Sanctions (unilateral coercive measures), collective punishment and forcible regime change are illegal under U.S. and international law. Donald Trump's intensification of sanctions against Venezuela and Iran during the pandemic constitutes a crime against humanity.
Iran Sanctions Add to Death Toll
Iran "has emerged as an epicenter of the virus globally and regionally," 34 members of Congress wrote in a March 31 letter to Secretary of State Mike Pompeo and Treasury Secretary Steve Mnuchin, urging them to "substantially suspend" sanctions against Iran during this worldwide health emergency. The letter was endorsed by 13 groups.

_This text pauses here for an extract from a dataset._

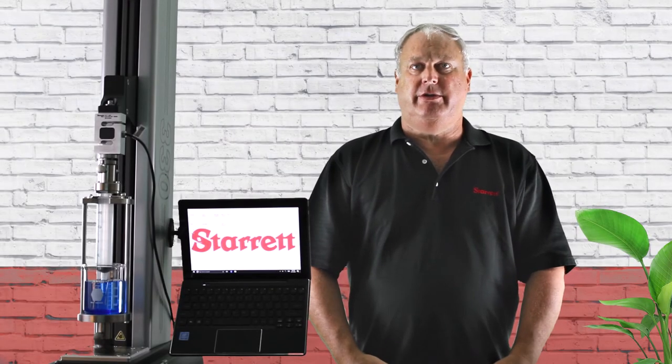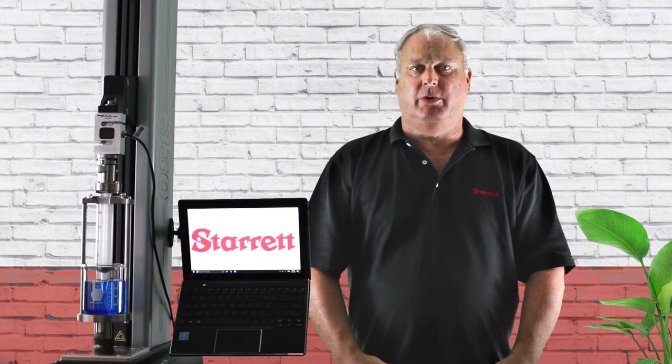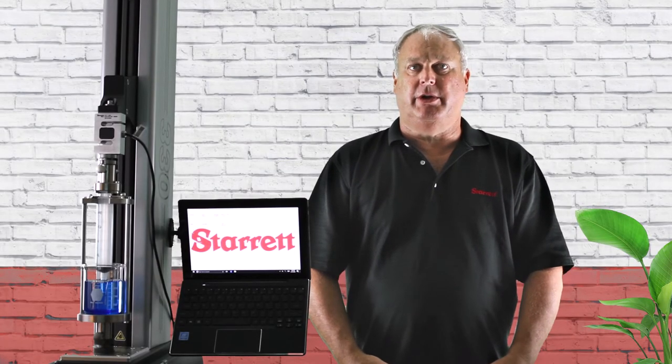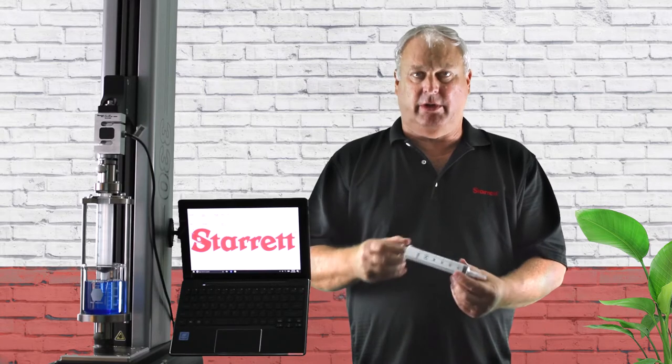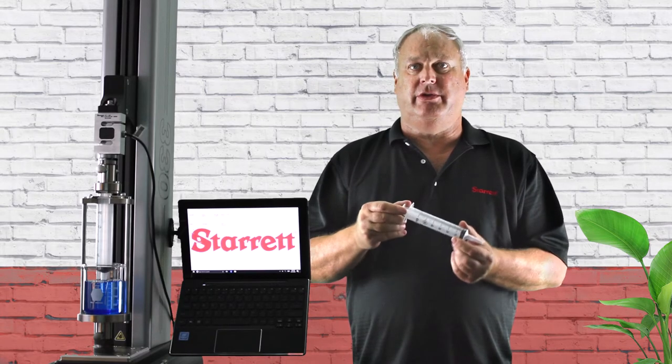Hello and welcome to another edition of Starrett Video Support Series. I'm Eric Perkins and on this episode today we're going to be talking about syringes.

As of April 13, Iran had suffered 73,303 cases of COVID-19 and 4,585 deaths. Trump's sanctions are a primary cause of these extremely high casualties. "There can also be no question that the sanctions have affected Iran's ability to contain the outbreak, leading in turn to more infections, and possibly to the virus' spread beyond Iran's borders," Center for Economic and Policy Research (CEPR) Co-Director Mark Weisbrot said in a statement.
Adding insult to injury by "keeping up its economic pressure campaign," the U.S. government has imposed additional sanctions on Iran in the middle of the deadly pandemic, according to Reuters. The Trump administration is "literally weaponizing the coronavirus," human rights lawyer Arjun Sethi said.
Iranian Foreign Minister Javad Zarif called the sanctions "economic terrorism."
Congress members who signed the March 31 letter called Trump's March 18 sanctions "callous and short-sighted," warning that the virus is reportedly spreading from Iran to Afghanistan, where U.S. troops are stationed.
The United States had already maintained "an effective economic blockade" of Iran's energy, banking and finance sectors, as well as its foreign investment and the targeting of basic foodstuffs and medicines, Eskandar Sadeghi-Boroujerdi wrote in December 2019.
In 2018, after Trump pulled out of the Iran nuclear deal, which was working to prevent Iran from developing nuclear weapons, he reimposed heavy economic sanctions. The U.S. government's stated goal was to eliminate all Iranian oil exportation. It blacklisted 50 Iranian banks, individuals and ships, and Iran's national airline and fleet of aircraft. Pompeo said the United States would "crush" Iran with new sanctions so severe they could lead to regime change.
As a result of the reimposition of sanctions, oil exports plummeted, Iran's currency has been substantially devalued and the country is in a severe recession.
In October 2018, the International Court of Justice ordered the United States to lift its sanctions against Iran on food, medicine, humanitarian trade and civil aviation. The U.S. government refused to abide by the court's decision.
An October 2019 Human Rights Watch report concluded that the U.S.'s "maximum pressure" campaign "drastically constrained the ability of Iranian entities to finance humanitarian imports, including vital medicines and medical equipment."
Foreign Minister Zarif referred to the U.S. refusal to lift the sanctions during the pandemic as "medical terrorism."